Kerinduan Seorang Ibu
        Setelah bertahun-tahun ditinggalkan kedua anaknya, permaisuri Adipati Walatikta seperti kehilangan gairah hidup. Terlebih setelah usaha Adipati Tuban menangkap para perampok yang mengacau Kadipaten Tuban membuahkan hasil. Hati Ibu Raden Said seketika berguncang.
         Kebetulan setelah ditangkap oleh para prajurit Tuban, kepala rampok itu mengenakan pakaian dan topeng yang persis dikenakan Raden Said. Rahasia yang selama ini tertutup rapat terbongkar sudah. Dari pengakuan perampok itu tahuah Adipati Tuban bahwa Raden Said tidak bersalah.
         Ibu Raden Said menangis sejadi-jadinya. Dia benar-benar telah menyesal mengusir anak yang sangat disayanginya itu. Sang ibu tak pernah tau bahwa anak yang didambakannya bertahun-tahun kemudian sudah kembali ke Tuban. Hanya saja tidak langsung ke Istana Kadipaten Tuban, melainkan ke tempat tinggal Sunan Bonang.
        Untuk mengobati kerinduan sang ibu. Tak jarang Raden Said mengerahkan ilmunya yang tinggi yaitu membaca Al Qur'an dari jarak jauh lalu suaranya dikirim ke istana Tuban.
         Suara Raden Said yang merdu itu benar-benar menggetarkan dinding-dinding istana kadipaten. Bahkan mengguncangkan isi hati Adipati Tuban dan istrinya. Raden Said, masih belum menampakkan diri. Banyak tugas yang masih dikerjakannya. Diantaranya menemukan adiknya kembali. Pada akhirnya, dia kembali bersama adiknya yaitu Dewi Rasawulan.
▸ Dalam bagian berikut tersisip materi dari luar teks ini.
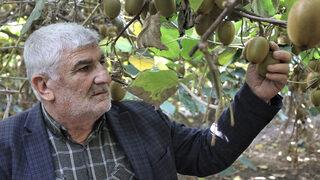 Kivi hasadı başladı! 1 sezonda 280 bin lira kazandı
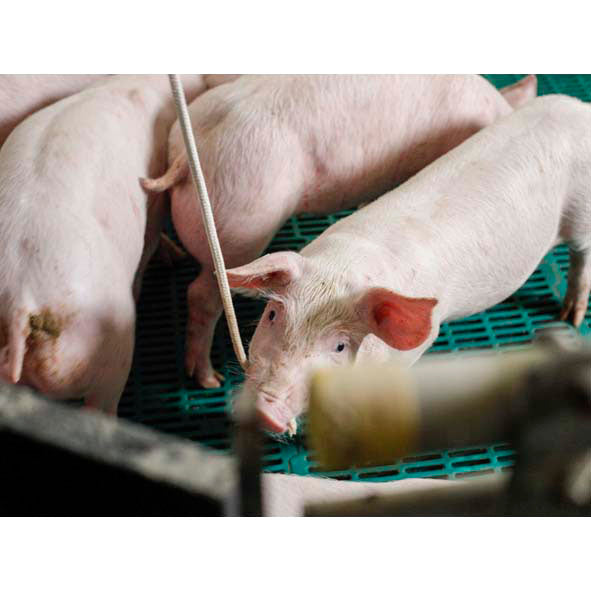 Braided cotton play rope - Various variants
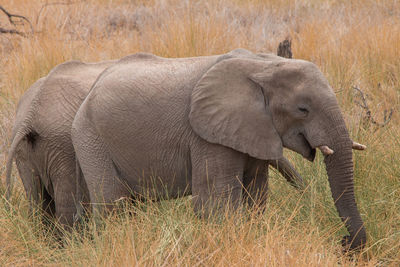 Side view of elephant in field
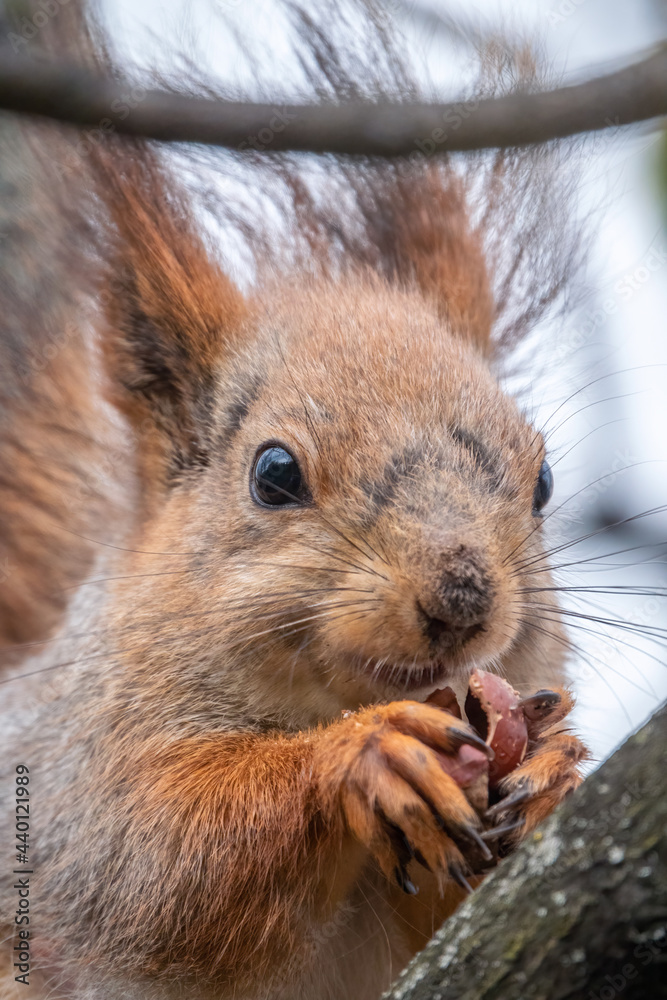 Obraz premium The squirrel with nut sits on a branches in the spring or summer. Portrait of the squirrel close-up
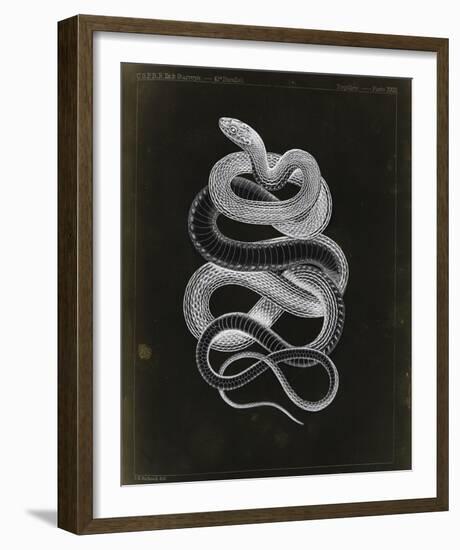 Tepozteco-Chris Dunker-Framed Giclee Print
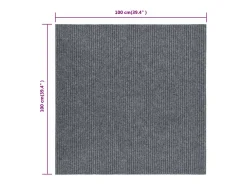 Alfombra felpudo atrapasuciedad gris 100x100 cm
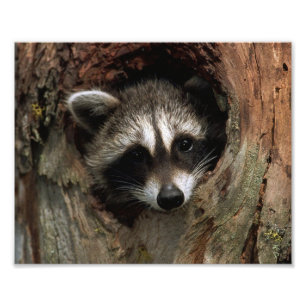 Racoon Photo Print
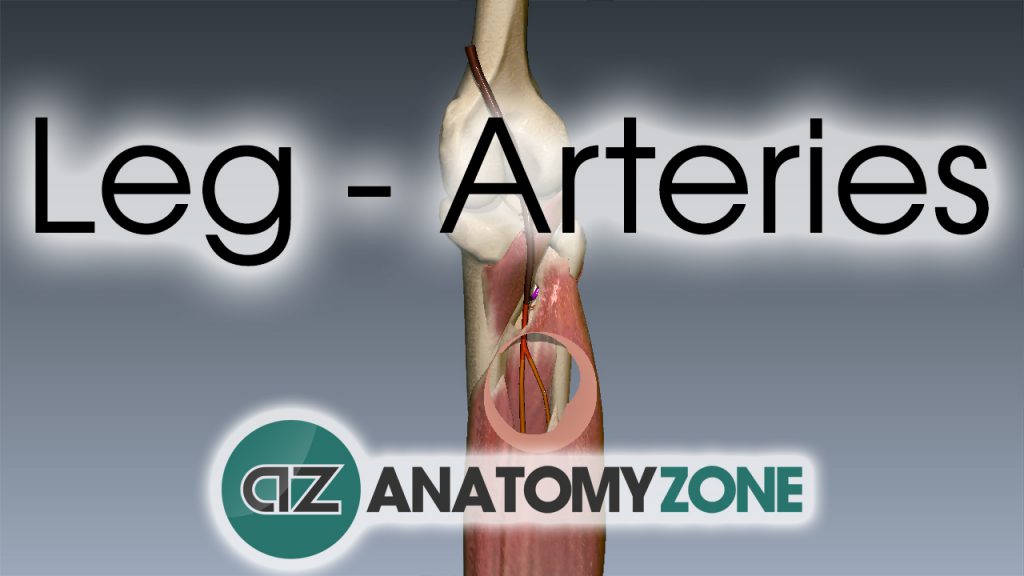 Arterial supply to the leg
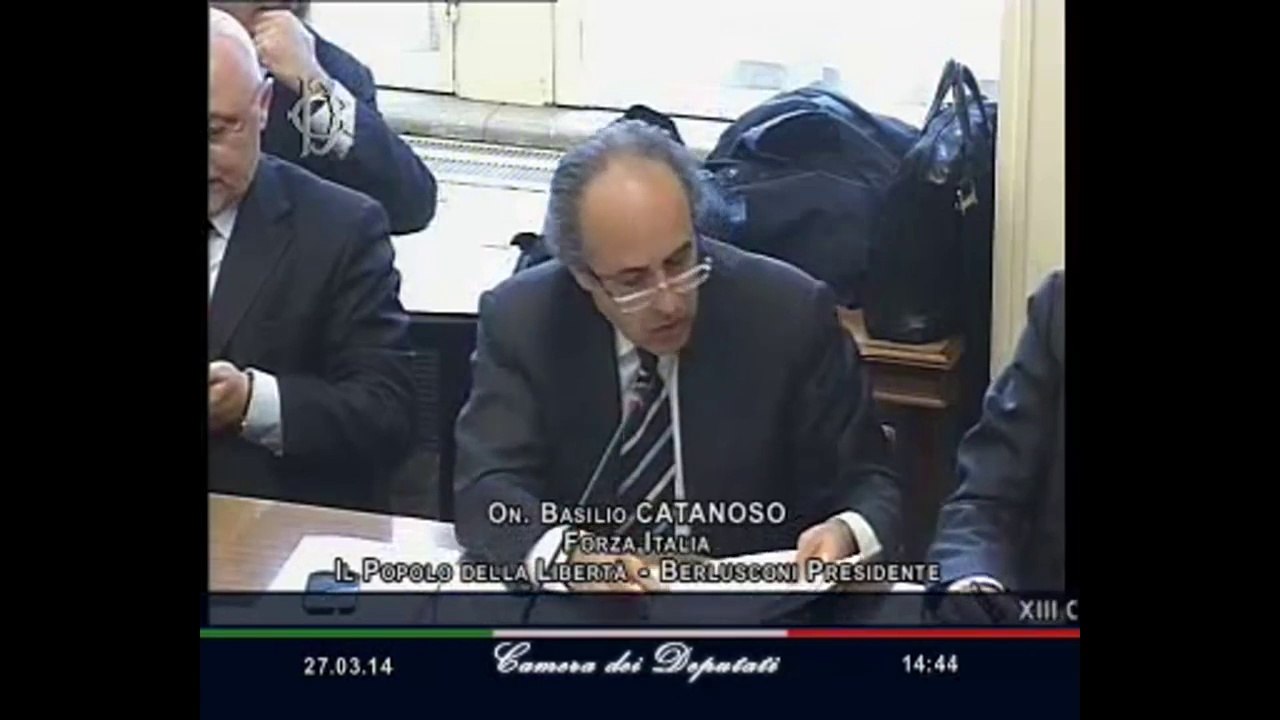 Roma - Audizione Ministro Martina (27.03.14)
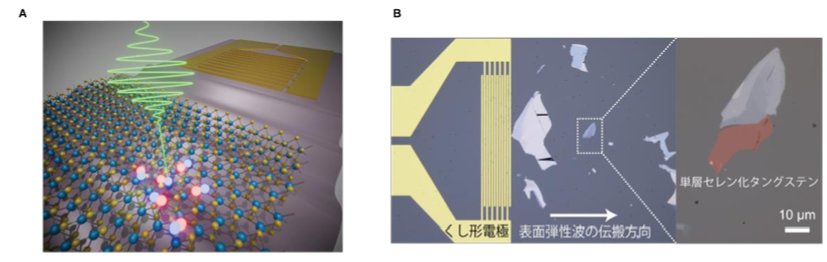 音響波で揺れ動く原子層二次元半導体の励起子発光を多次元的に可視化 －発光の色・明るさ・寿命の超高速変化をリアルタイムに追跡、量子デバイス応用へ－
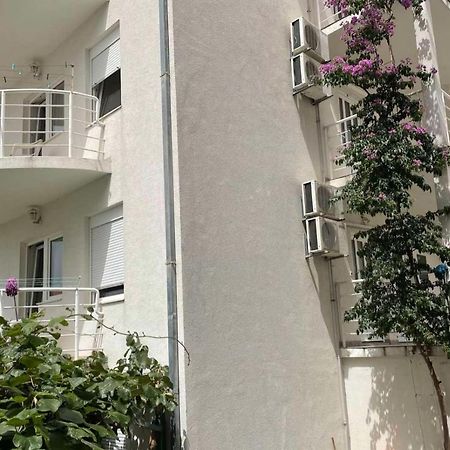 Apartments Papic 特罗吉尔 外观 照片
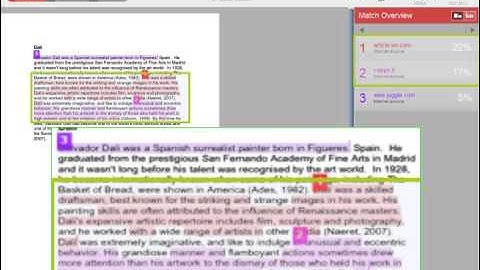 Turnitin - Your originality report
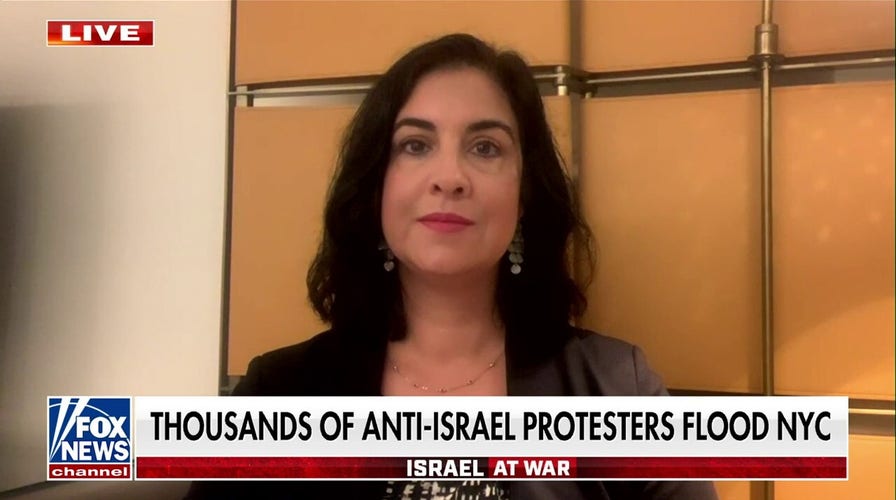 Palestinian people are ‘suffering’ because of Hamas: Rep. Nicole Malliotakis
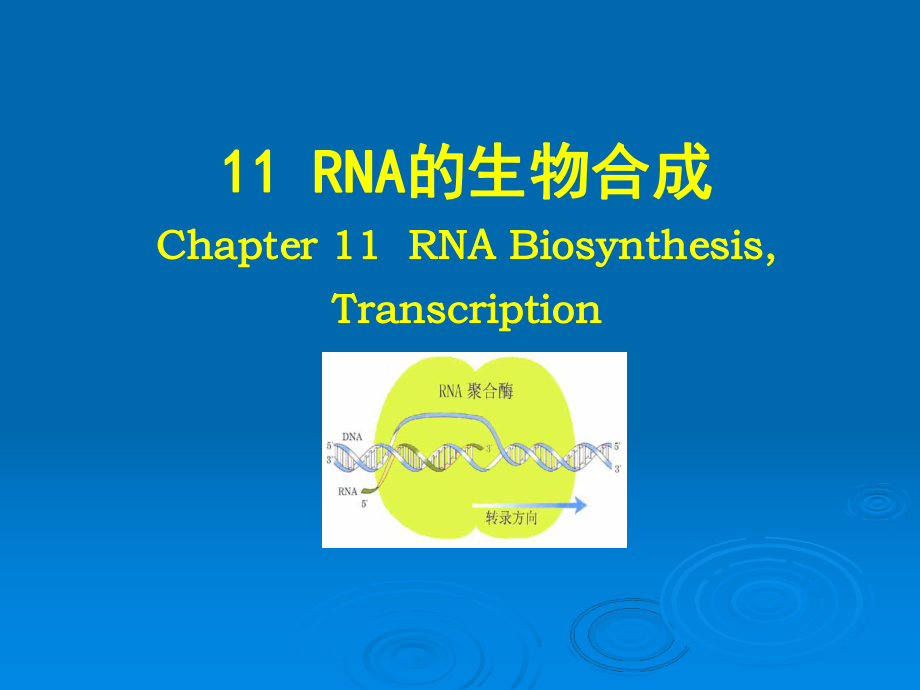 11茶叶生物化学.ppt_第1页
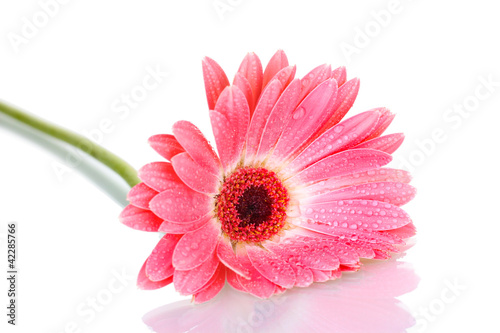 beautiful pink gerbera with drops isolated on white.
Tak terkirakan betapa bahagianya Adipati Tuban dan istrinya menerima kedatangan putra-ptrin yang sangat dicintainya itu.
         Karena Raden Said tidak bersedia menggantikan kedudukan ayahnya akhirnya kedudukan Aipati Tuban diberikan kepada cucunya sendiri yaitu putra Dewi Rasawulan dengan Empu Supa.
         Raden Said meneruskan pengembaraannya. Berdakwah atau menyebarkan agama ISlam Di Jawa Tengah hingga Jawa Barat. Beliau sangat arif dan bijaksana dalam berdakwah sehingga dapat diterima dan dianggap sebagai Guru Suci seTanah Jawa, dari petani, penjabat, bangsawan dan raja-raja dapat menerima ajaran Sunan Kalijaga yang berciri khas Jawa namun tetap Islami.
        Dalam usia lanjut beliau memilih Kadilangu sebagai tempat tinggalnya yang terakhir. Hingga sekarang beliau dimakamkan di Kadilangu, Demak.  Semoga amal perjuangnya diterima di sisi Allah.